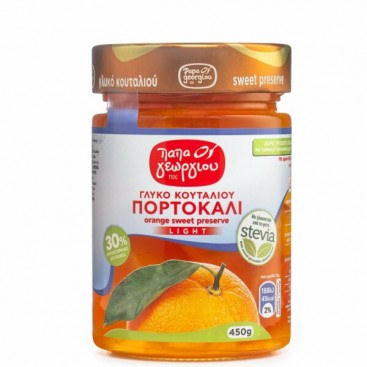 Γλυκό Stevia Πορτοκάλι βάζο 450γρ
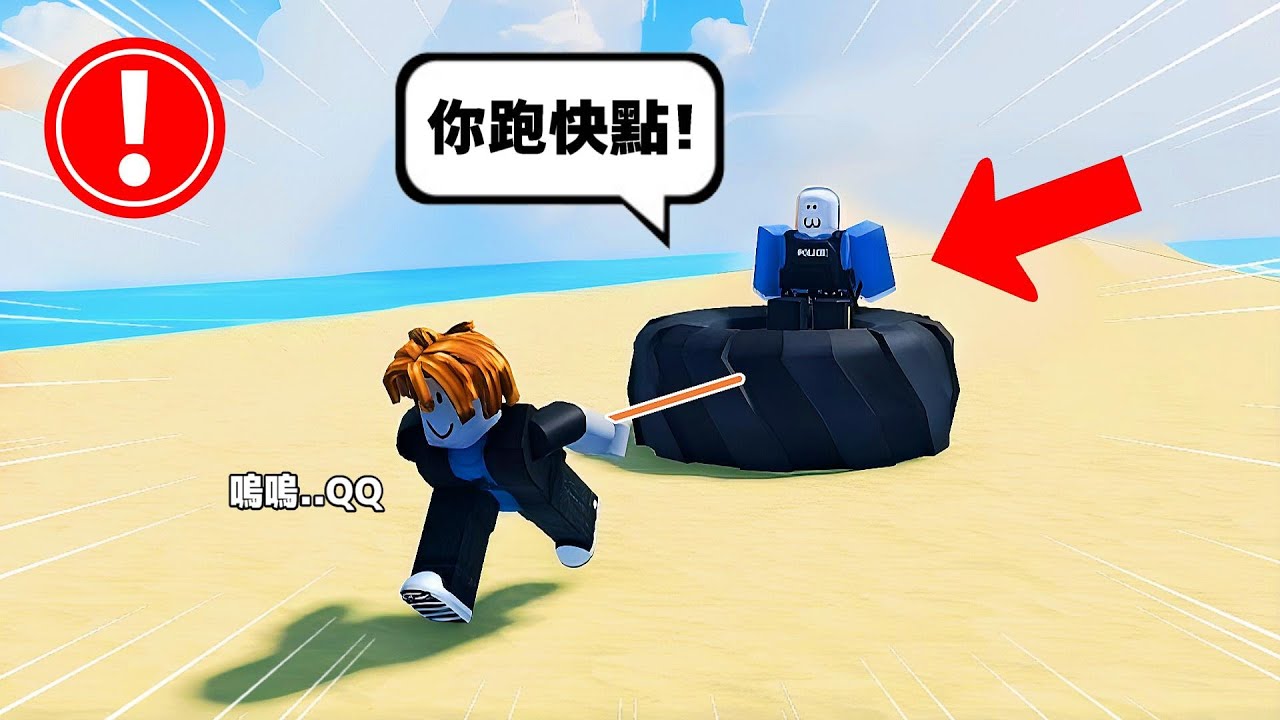 你坐在輪胎上 ， 讓你的朋友拉著你走 . . .！？ 😭  😎 😻 【Roblox 機器磚塊】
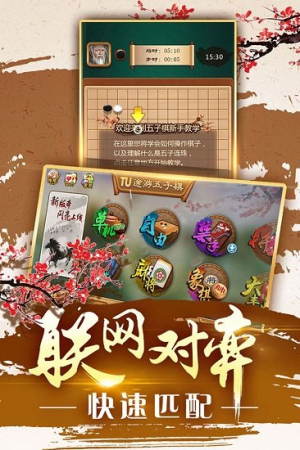 途游五子棋 v5.572 手游版 1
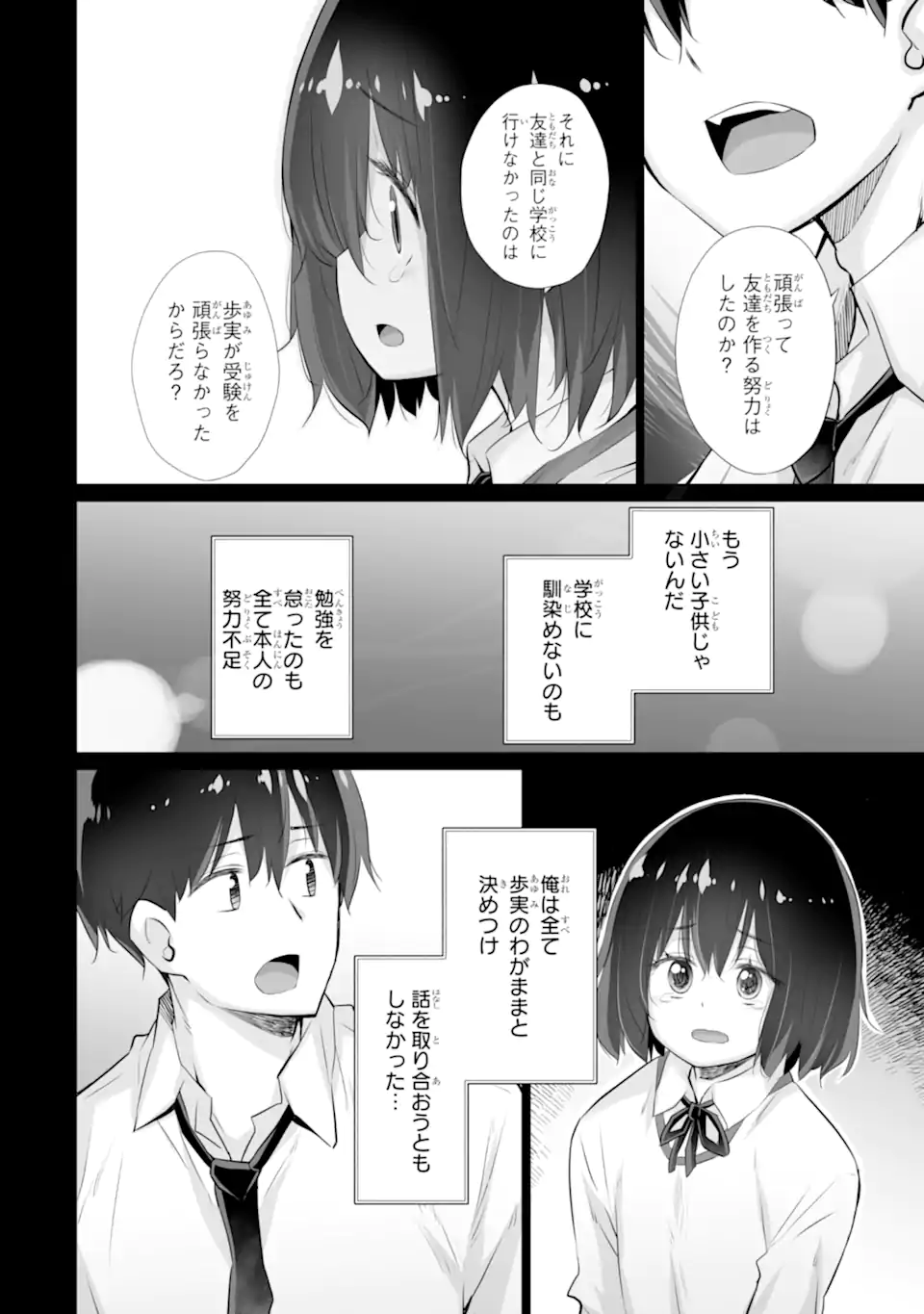 Tada Seifuku wo Kiteru dake Chap 8.2 - Next Chap 9.2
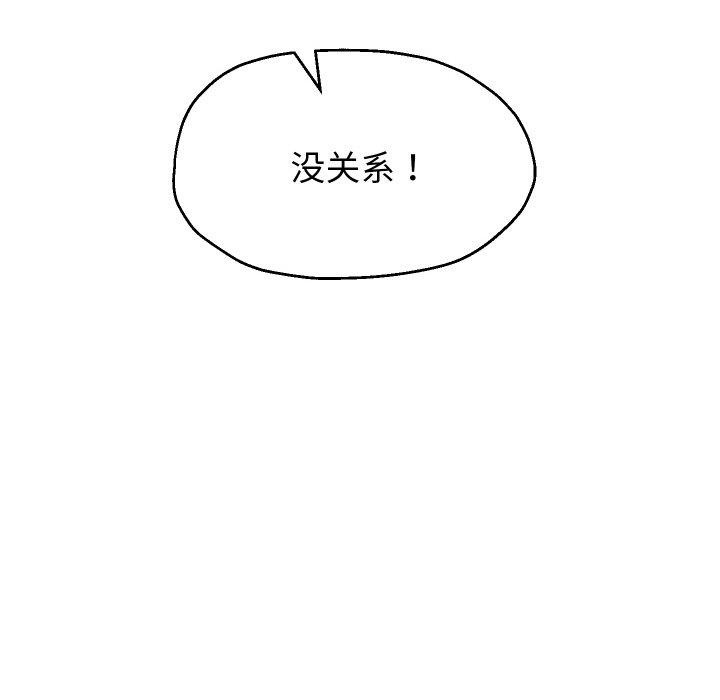 《重生之长枪无敌》漫画 第45話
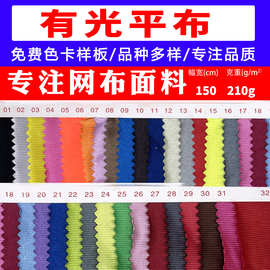 有光平布全涤经编丝光布低弹平布条纹亮光包边布服装玩具手袋面料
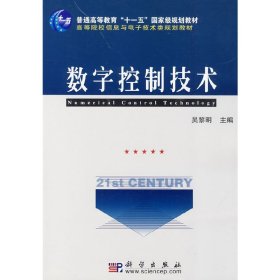 数字控制技术 吴黎明 科学出版社 9787030259332 正版旧书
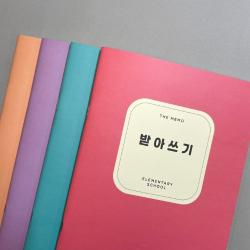 건망증 더메모 초등 저학년 받아쓰기 4권세트 신학기노트 저학년노트 초등공책 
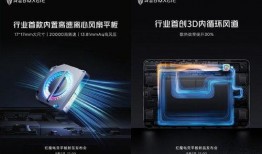 红魔小平板最新爆料,性能与设计双升级，游戏体验再升级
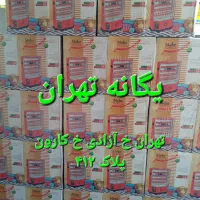 بخاری هیتر برقی۴ شعله المنت فندار فن دارMP15000کد۳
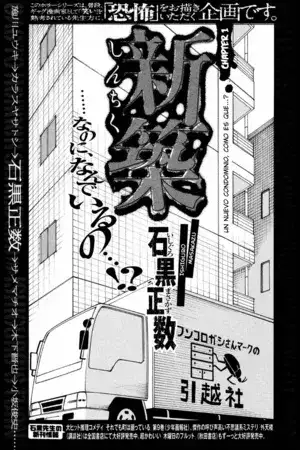 Portada de Ishiguro Masakazu's Horror Collection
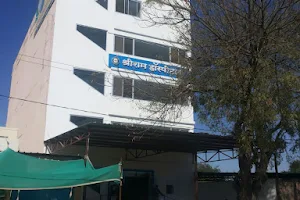 Shri Ram Hospital - Banar Branch image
────────────────────
__EXERCISE GOAL__.
The answer must be an exact copy of every record above, minus the pictures.

__ANSWER FOR THE TASK__.
 Γλυκό Stevia Πορτοκάλι βάζο 450γρ
 你坐在輪胎上 ， 讓你的朋友拉著你走 . . .！？ 😭  😎 😻 【Roblox 機器磚塊】
 途游五子棋 v5.572 手游版 1
 Tada Seifuku wo Kiteru dake Chap 8.2 - Next Chap 9.2
 《重生之长枪无敌》漫画 第45話
 有光平布全涤经编丝光布低弹平布条纹亮光包边布服装玩具手袋面料
 数字控制技术 吴黎明 科学出版社 9787030259332 正版旧书
 건망증 더메모 초등 저학년 받아쓰기 4권세트 신학기노트 저학년노트 초등공책 
 红魔小平板最新爆料,性能与设计双升级，游戏体验再升级
 بخاری هیتر برقی۴ شعله المنت فندار فن دارMP15000کد۳
 Portada de Ishiguro Masakazu's Horror Collection
 Shri Ram Hospital - Banar Branch image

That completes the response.